The combat is just simply not enjoyable at all. Walking through hallways your radar will ping up with enemy activity and, inevitably, you’ll be jumped by something. These enemies aren’t varied nor are they smart so you’ll just sit there killing one after the other. Unlike Left 4 Dead or other similar games there’s no sense of tension at all so it’s just long periods of plodding along that are broken up every so often by holding the trigger down. This is made worse by the fact that you have a limited amount of sprint, meaning that exploration takes forever. It’d be ok if the rewards were worth it but from what I can tell they’re only cosmetic. Even the one end part of the mission, where I was supposedly set on by a “massive horde” turned out to be nothing more than me standing at a ladder and whacking at genestealers for 5 minutes.To top it all off your AI companions, whilst having some interesting banter, are as dumb as they come. Whilst this isn’t unexpected it’s yet another thing that detracts from the small amount of fun you might derive from playing Deathwing.

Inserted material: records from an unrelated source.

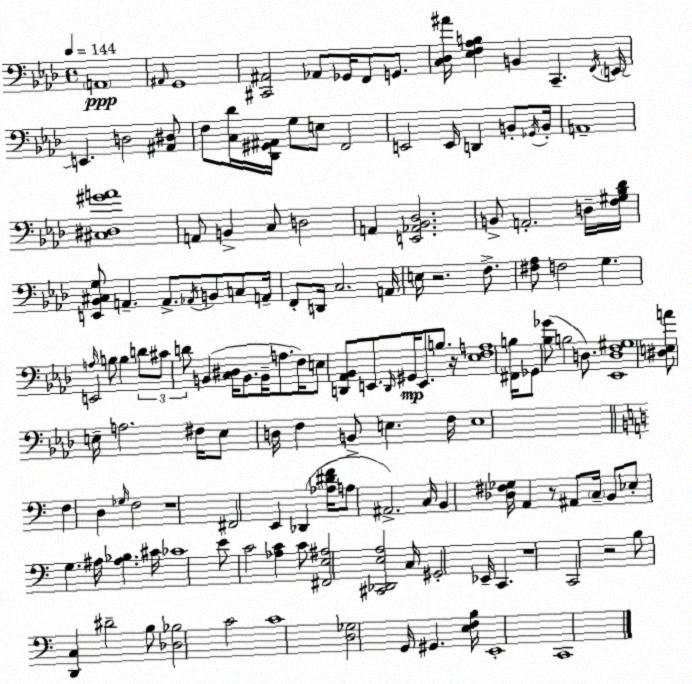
X:1
T:Untitled
M:4/4
L:1/4
K:Ab
A,,4 ^A,,/4 G,,4 [^C,,^A,,]2 _A,,/2 _G,,/4 F,,/2 G,,/2 [C,_D,^A]/4 [_E,F,_A,B,] B,, C,, F,,/4 E,,/4 E,, D,2 [^A,,^D,]/2 F,/2 [C,_D]/4 [_D,,^G,,^A,,]/4 G,/2 E,/2 F,,2 E,,2 E,,/4 D,, B,,/2 _G,,/4 B,,/4 A,,4 [^C,^D,^GA]4 A,,/2 B,, C,/2 D,2 A,, [E,,_A,,_B,,_D,]2 B,,/2 A,,2 D,/4 [F,^G,_B,_D]/4 [E,,_B,,^C,G,]/2 A,, A,,/2 _A,,/4 B,,/2 C,/2 A,,/4 F,,/2 D,,/4 C,2 A,,/4 E,/4 z2 F,/2 [^F,_A,]/2 F,2 G, E,,2 A,/4 B,/2 B, D/2 ^C/2 D/2 B,, [C,^D,]/4 B,,/2 B,,/4 A,/2 F,/4 E,/2 [D,,_A,,_B,,]/2 E,,/2 D,,/4 ^G,,/4 E,,/2 B,/2 z/4 [_E,F,A,]4 [^F,,B,]/4 _G,,/2 [_B,_G]/2 B,2 D,/2 [_E,,D,F,^G,]4 [^D,E,A]/2 E,/4 A,2 ^F,/4 E,/2 D,/4 F, B,,/2 E, F,/4 E,4 F, D, _G,/4 F,2 z4 ^F,,2 E,, _D,, [_A,^DF]/4 A,/2 ^A,,2 C,/4 B,, [_D,^F,_G,]/4 A,, z/2 ^A,,/2 C,/4 B,,/2 _E,/2 G, ^A,/4 [^A,_B,] ^C/4 _C4 E/2 C2 [_A,C] C/2 [^F,,E,^A,]2 [^C,,_D,,E,A,]2 C,/4 ^G,,2 _E,,/4 C,, z4 C,,2 z2 B,/2 [D,,C,] ^D2 B,/2 [_D,_B,]2 C2 C4 [D,_G,]2 G,,/4 ^G,, [E,F,B,]/4 E,,4 C,,4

You’ll get upgrade points after each mission, up to a total of 4, for your performance in the mission. According to other reviews there’s only enough points to max out one of the talent trees and no way to go back and play through again with your now unlocked powers. Considering that the only interesting abilities appear to be at the end of the trees this seems a bit short sighted, severely limiting the game’s replayability appeal. Not that it really matters though as I doubt anyone who buys this game will play it more than once. The 3 talent points I got were invested in getting a psyker ability upgrade which, upon using, appeared to simply be a fire variant of the storm ability I already had. Not the most enthralling upgrade, if I’m honest.
I tried to play more, I really did, but there was simply nothing in Deathwing that kept me coming back. Many other reviewers have praised how true to the lore Deathwing is but that does little to make the game enjoyable. By contrast Space Marine did a great job of making you feel like an unstoppable war machine whilst still providing challenge. Deathwing instead makes it so a handful of genestealers could take you out whilst your brothers sit there and watch. I had really low expectations on Deathwing going in and even then I’ve been left disappointed.
Space Hulk: Deathwing does exactly what it shouldn’t: taking the idea of the venerable Space Marine and turns it into something mundane. The only commendable feature is the graphics, which do a great job of capturing the gothic feel of the Warhammer 40K universe. Apart from that all you’re left with is mediocre combat with confused AI partners at your side. Maybe this game gets a lot better past the first hour, I don’t know, but the fact of the matter is I honestly couldn’t bring myself to find out. I tried multiple times over several days but every time I just gave up, I was just not interested at all. Perhaps lore fans will find something to love here, but I certainly didn’t.
Space Hulk: Deathwing is available on PC, Xbox One and PlayStation 4 right now for $39.99. Total play time was 65 minutes with 17% of the achievements unlocked.